Be Yourself. You’re Needed.

We all know the story of David vs. Goliath — the smaller fighter defeats the strong giant by relying on the power of God.

One of my favorite parts about that story isn’t so much the fact that David won the battle, but rather his decision making that allowed him to do so.

As David prepared for the battle, Saul tells David in 1 Samuel 17:33 that he has no business fighting Goliath, that he can’t possibly win.

“Saul said to David, ‘You are not able to go against this Philistine to fight with him; for you are just a boy, and he has been a warrior from his youth.'”

In verse 37 David replies, “The Lord, who saved me from the paw of the lion and from the paw of the bear, will save me from the hand of this Philistine.”

Saul then clothes David in the same armor that Goliath wore — a bronze helmet, a coat of chainmail, and a sword.

But David quickly realizes that this is not him. He can’t prepare for the biggest battle of his life doing something he’s not used to or being someone he’s not.

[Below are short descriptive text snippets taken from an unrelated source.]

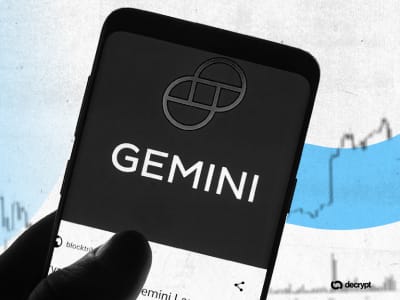 Gemini Melantai di Pasar Saham: Peluang Investasi Baru di Dunia Kripto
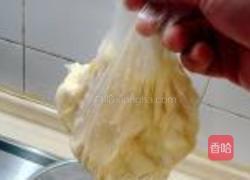 香草冰淇淋的做法图解13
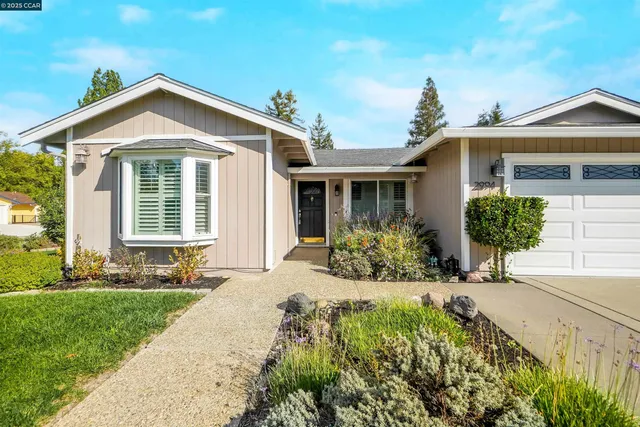 $1,599,000 | 2994 Marlboro Way, San Ramon, CA 94583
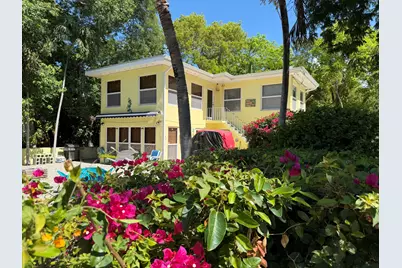 140 S Bay Harbor Drive, Key Largo, FL 33037 - Photo 31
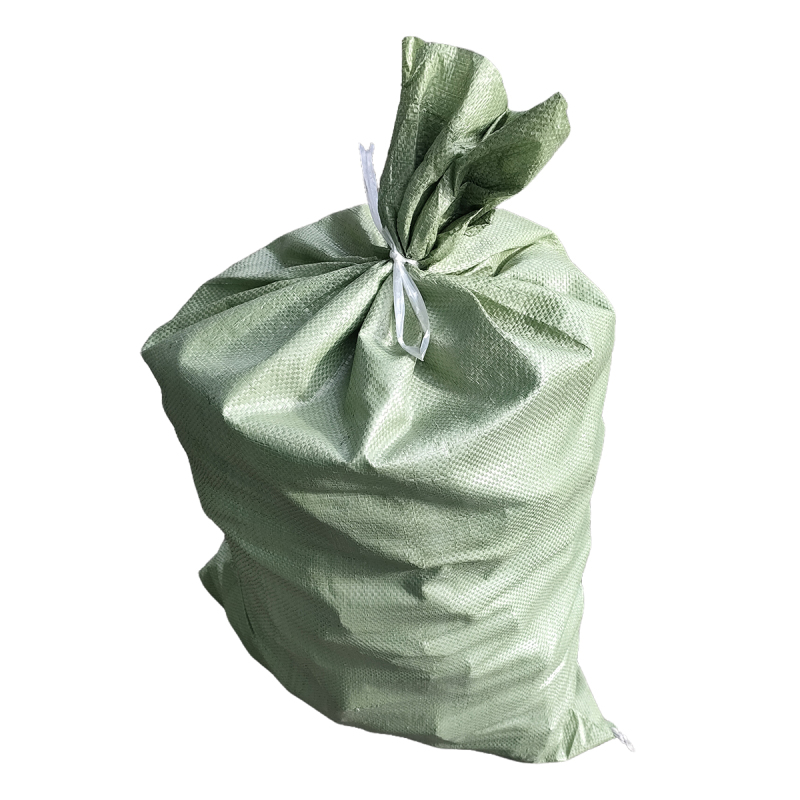 恒兴盛嘉 编织袋 50*80cm 个高清大图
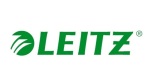 Leitz
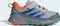 adidas Terrex Trailmaker 2 grey two/semi lucid blue/pure teal (Junior) Vorschaubild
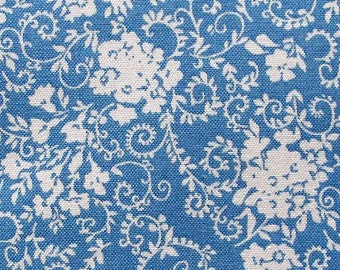 Fabric cotton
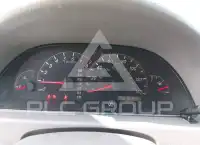 2006 Toyota CAMRY фото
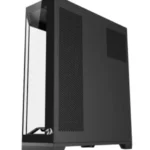کیس گیمینگ ردراگون EDGE CA-608 - تصویر 2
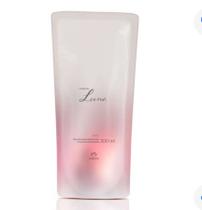 Refil hidratante corporal luna tradicional 300ml natura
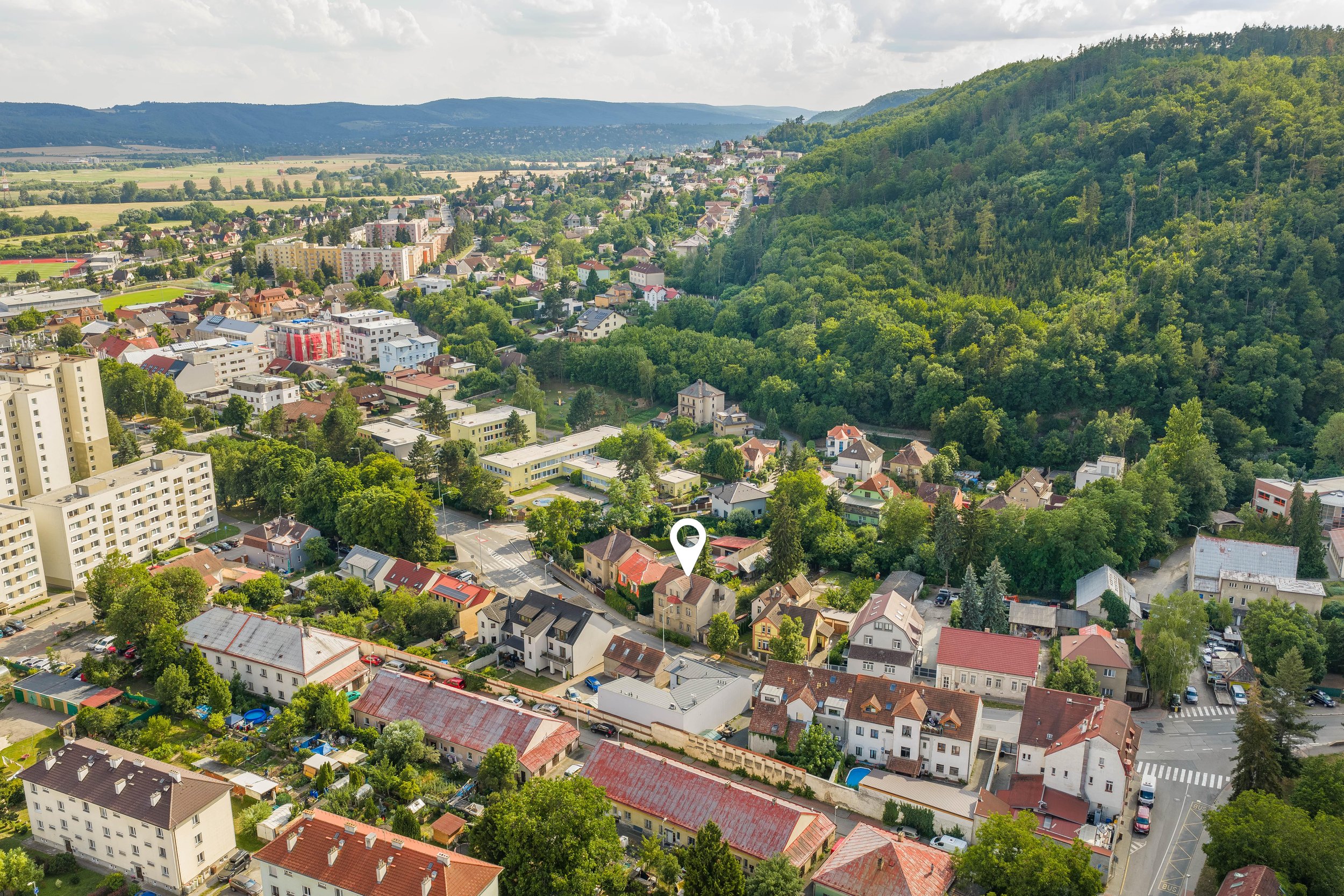 DJI_20260715173038_0979_Db.jpg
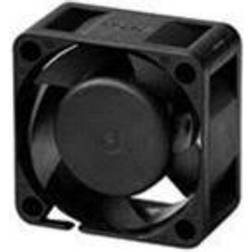 Sunon MF40200V3-1000U-A99 Aksial ventilator..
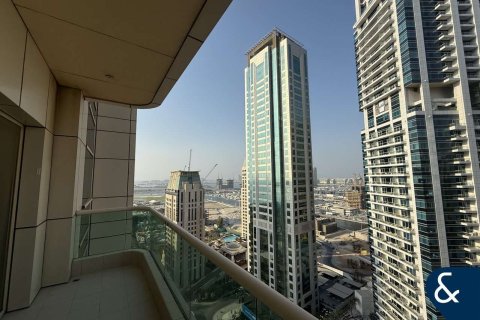 Apartamento en Dubai Marina, Dubai, 2 dormitorios, 116 m², № 76231 - foto 20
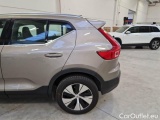  Volvo  XC 40 VOLVO XC40 / 2017 / 5P / SUV T5 PLUG-IN HYBRID AUTO RECH INSCRIP EXPR #81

Instead, David stayed true to himself and used his speed, agility, and quickness to defeat Goliath with nothing more than some rocks and a slingshot.

What he realized was that dressing up as a mediocre version of the giant he was about to face was never going to be as effective as using the skills God gave him.

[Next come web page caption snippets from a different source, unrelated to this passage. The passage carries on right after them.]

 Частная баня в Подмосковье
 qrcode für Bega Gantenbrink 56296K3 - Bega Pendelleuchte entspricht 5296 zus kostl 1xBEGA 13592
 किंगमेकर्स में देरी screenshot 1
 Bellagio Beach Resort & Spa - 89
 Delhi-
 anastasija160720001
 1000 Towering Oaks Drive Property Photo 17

We can learn a lot from David here. As humans we’re guilty of trying to fight battles in our lives by being someone or something we’re not. We try to fit in or look like someone else to be accepted into a certain crowd. We either forget who we are or just decide that who we are isn’t good enough.

We forget that God has equipped us perfectly. As Psalm 139:14 reminds us, we are “fearfully and wonderfully made.”

I know it’s not always easy to remember that or even believe that. We see our peers having success that we envy or living lives we wish we could live. We get jealous and rather than rest in contentment, we compare ourselves to them. We then go out and buy clothes to fit in or create a social media presence that makes us appear like someone we’re not.

My challenge to you this week is to identify the times in your life when you’ve tried to put on the armor, when you’ve tried to dress up like the giant you’re about to face, and instead take the route David did. Remember who you are and the giftings God has given you.

There’s literally no one else like you in the world. We don’t need you to be someone else, we need you to be you. If not, not only will you rob yourself of the glory God has for you, but we are also robbed. The world doesn’t get to experience the greatness God has given specifically to you and your life.